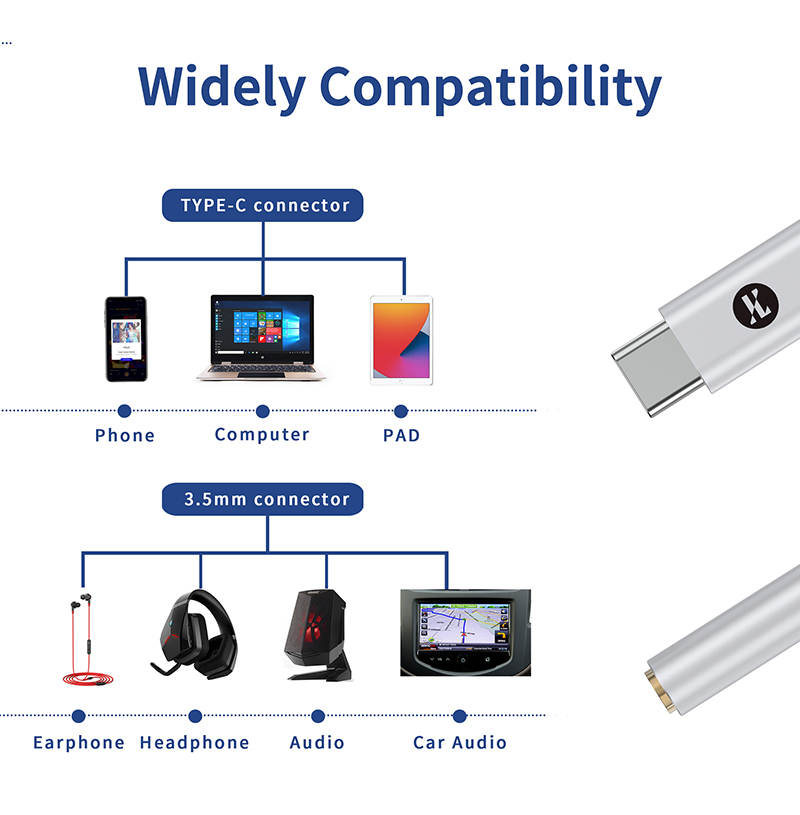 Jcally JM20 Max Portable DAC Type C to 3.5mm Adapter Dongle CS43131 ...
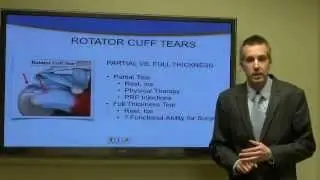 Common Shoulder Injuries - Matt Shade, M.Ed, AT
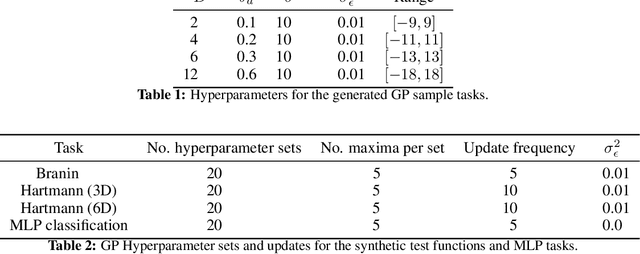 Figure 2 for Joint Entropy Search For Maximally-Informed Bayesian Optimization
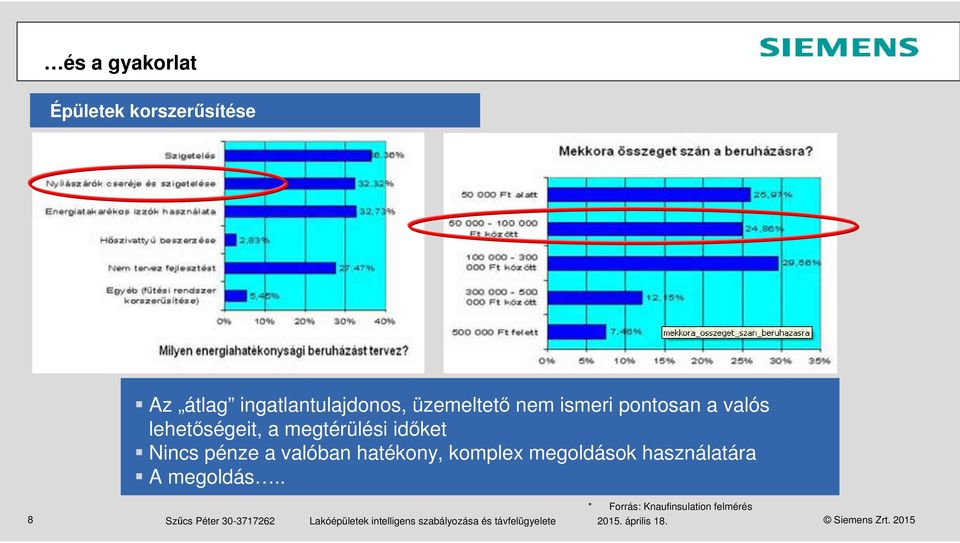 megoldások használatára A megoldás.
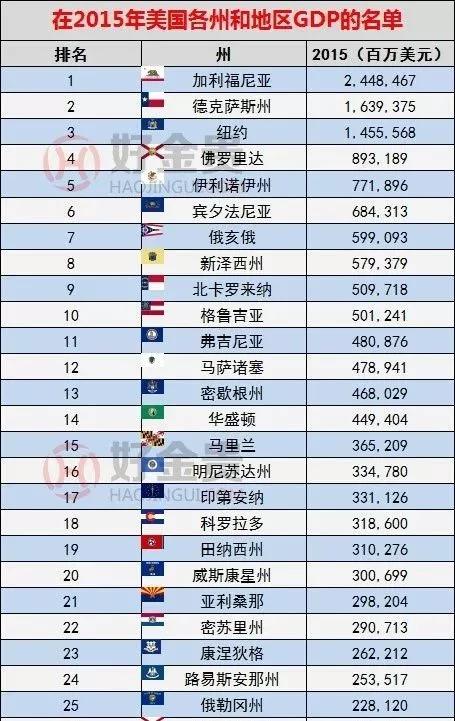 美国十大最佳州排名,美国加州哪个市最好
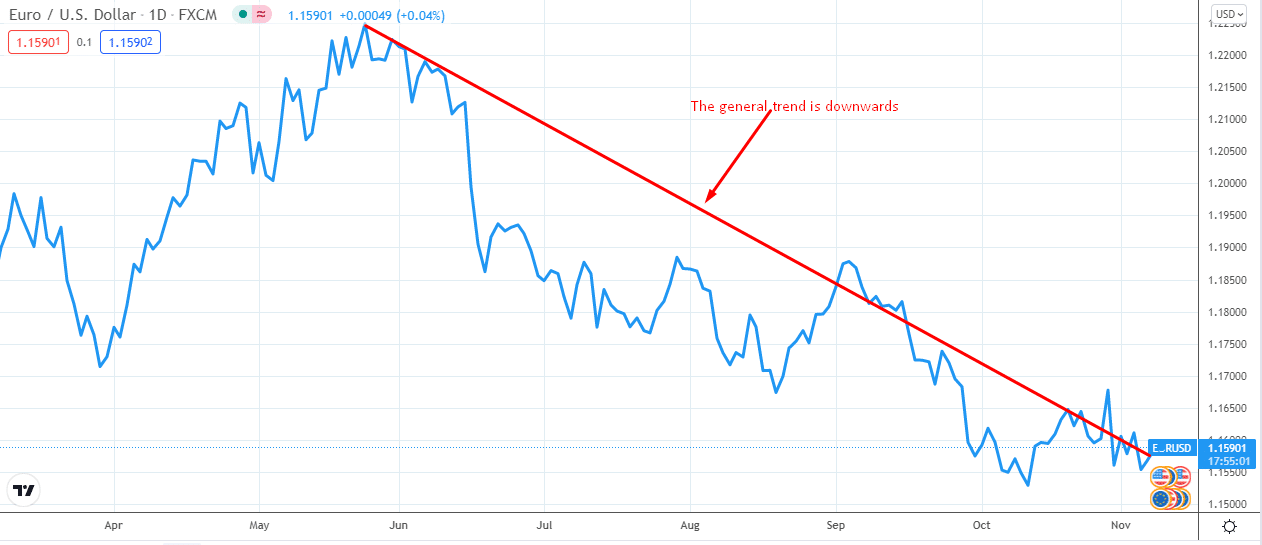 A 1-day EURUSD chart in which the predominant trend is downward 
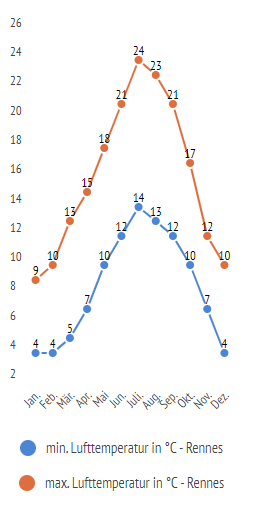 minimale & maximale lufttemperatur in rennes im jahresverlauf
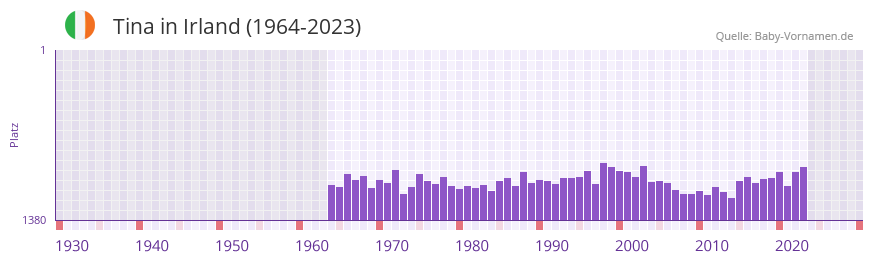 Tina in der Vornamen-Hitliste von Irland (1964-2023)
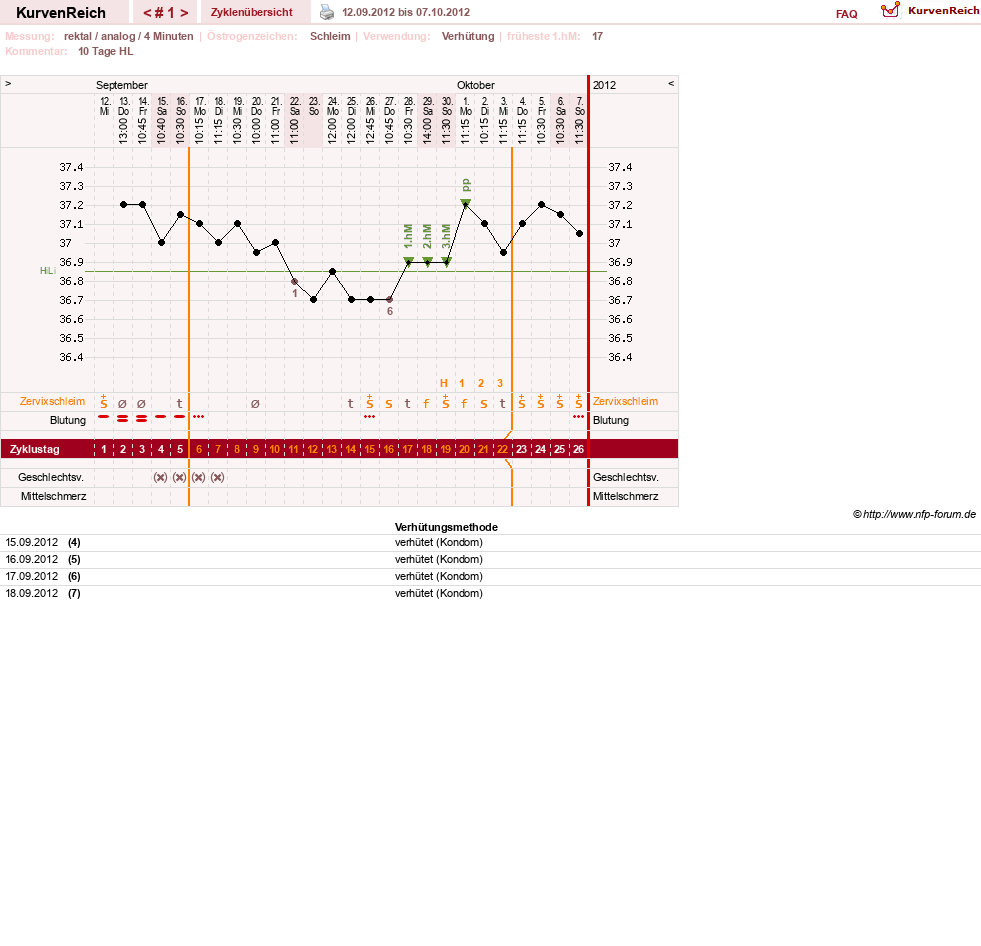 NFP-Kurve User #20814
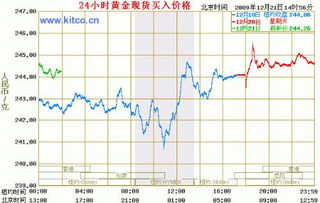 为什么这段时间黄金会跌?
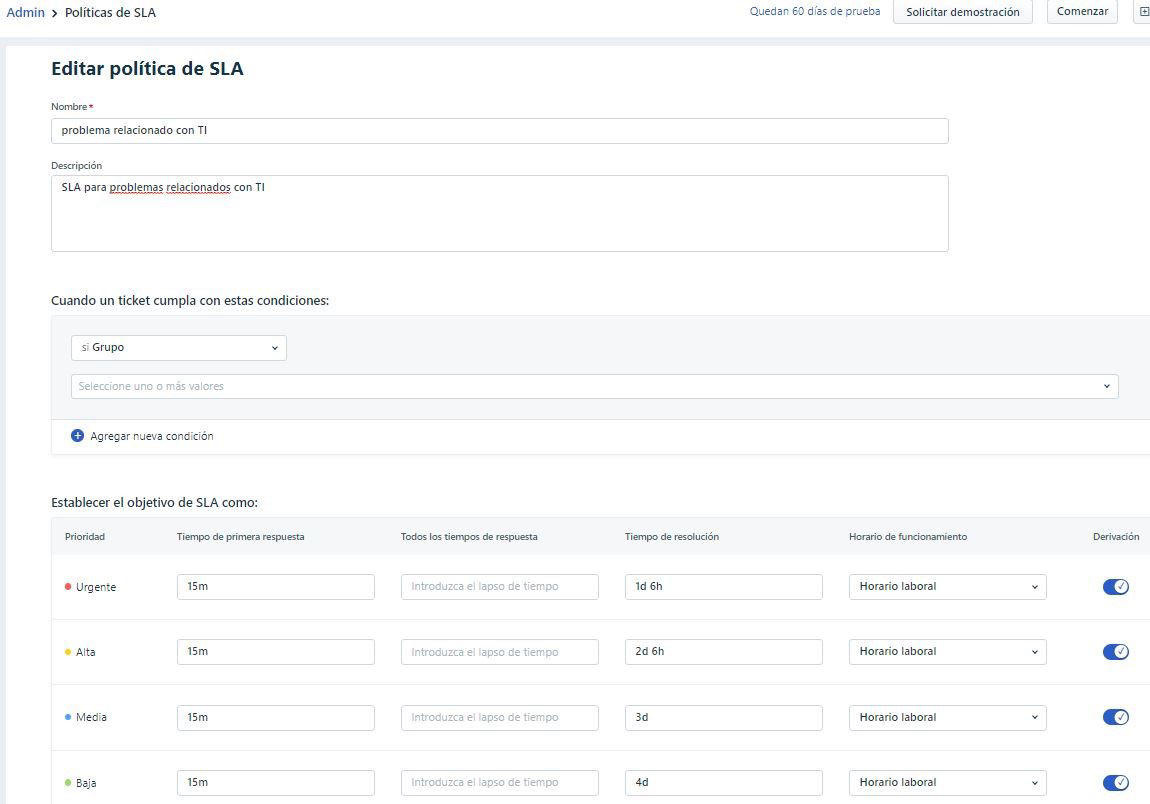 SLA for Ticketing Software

__________________________________________________

**Instructions to follow:**
The records above are to be restated exactly, without their pictures.

**Exercise response:**
 Jcally JM20 Max Portable DAC Type C to 3.5mm Adapter Dongle CS43131 ...
 Common Shoulder Injuries - Matt Shade, M.Ed, AT
 Figure 2 for Joint Entropy Search For Maximally-Informed Bayesian Optimization
 megoldások használatára A megoldás.
 美国十大最佳州排名,美国加州哪个市最好
 A 1-day EURUSD chart in which the predominant trend is downward 
 minimale & maximale lufttemperatur in rennes im jahresverlauf
 Tina in der Vornamen-Hitliste von Irland (1964-2023)
 NFP-Kurve User #20814
 为什么这段时间黄金会跌?
 SLA for Ticketing Software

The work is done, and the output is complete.